Song by Morgan Wallen

from the album I'm the Problem
- Released: May 16, 2025
- Genre: Country
- Length: 3:18
- Label: Big Loud; Republic; Mercury;
- Songwriters: Morgan Wallen; Ryan Vojtesak; Josh Thompson; Blake Pendergrass;
- Producers: Jacob Durrett; Joey Moi;

Lyric video
- "Falling Apart" on YouTube

= Falling Apart (Morgan Wallen song) =

2025 song by Morgan Wallen

"Falling Apart" is a song by American country music singer Morgan Wallen from his fourth studio album I'm the Problem (2025). It was written by Wallen himself, Charlie Handsome, Josh Thompson and Blake Pendergrass, and produced by Jacob Durrett and Joey Moi.

==Composition==
The song contains steel guitar and "ambient strings" in the production. Lyrically, Morgan Wallen recounts having sleepless nights and excessively drinking in an attempt to overcome his sorrow over a past relationship. He deeply regrets ending the relationship with his lover and failing to understand that she was ideal for him, now wanting to rekindle their relationship.

==Critical reception==
Billboard ranked "Falling Apart" as the eighth best song from I'm the Problem. Alli Patton of Holler praised the production, describing it as "creating a cavernous sound that lends to the overall mood of the despondent song.

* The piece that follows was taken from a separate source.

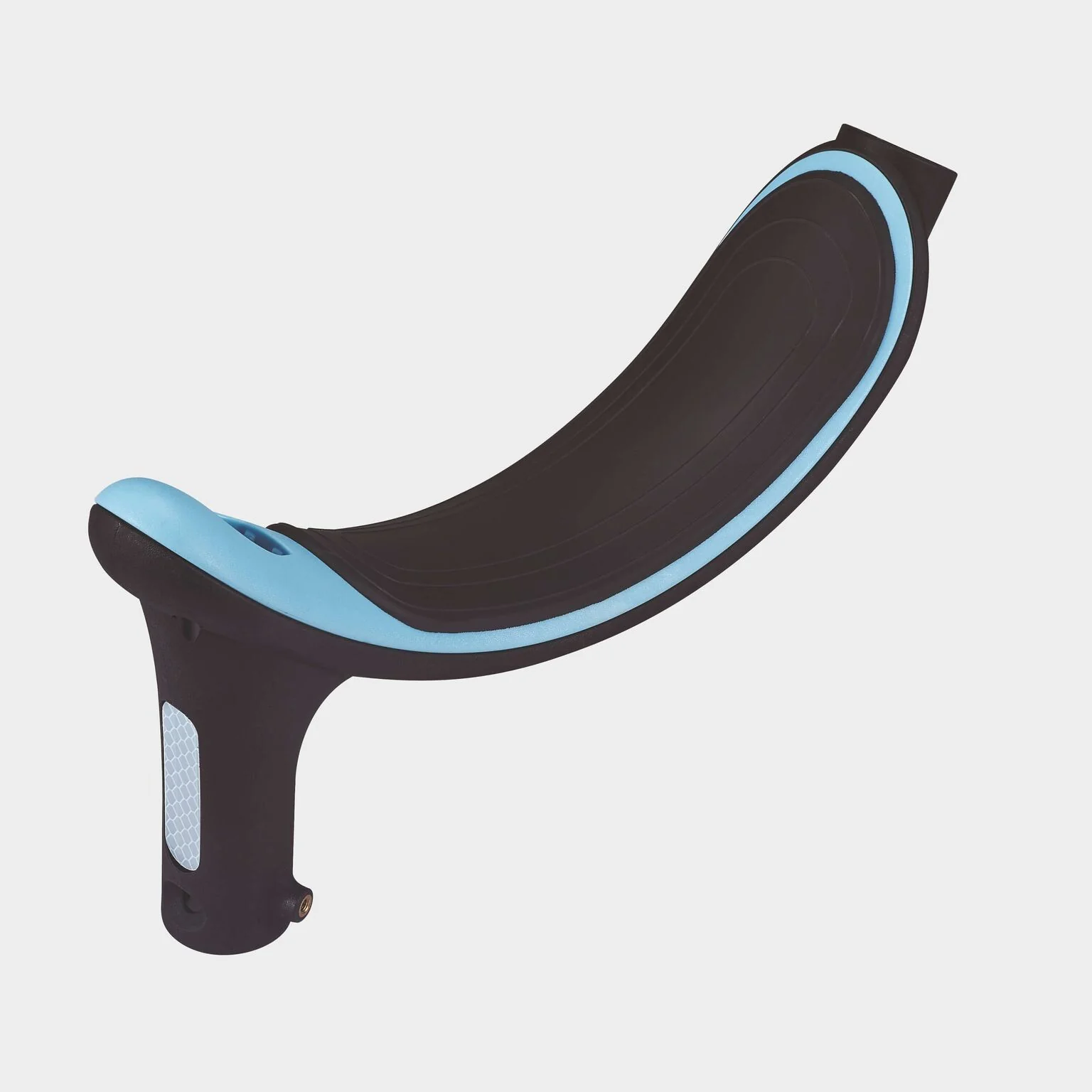 Mini 2 Grow Seat: Blue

The arrangement is powerful in its simplicity, with the ability to tell the song's story all on its own".

==Charts==

===Weekly charts===

Weekly chart performance for "Falling Apart"
| Chart (2025) | Peak position |
|---|---|
| Canada Hot 100 (Billboard) | 41 |
| Global 200 (Billboard) | 68 |
| New Zealand Hot Singles (RMNZ) | 7 |
| US Billboard Hot 100 | 25 |
| US Hot Country Songs (Billboard) | 12 |

===Year-end charts===

Year-end chart performance for "Falling Apart"
| Chart (2025) | Position |
|---|---|
| US Hot Country Songs (Billboard) | 91 |

==Certifications==

Certifications for "Falling Apart"
| Region | Certification | Certified units/sales |
| United States (RIAA) | Gold | 500,000^{‡} |
^{‡} Sales+streaming figures based on certification alone.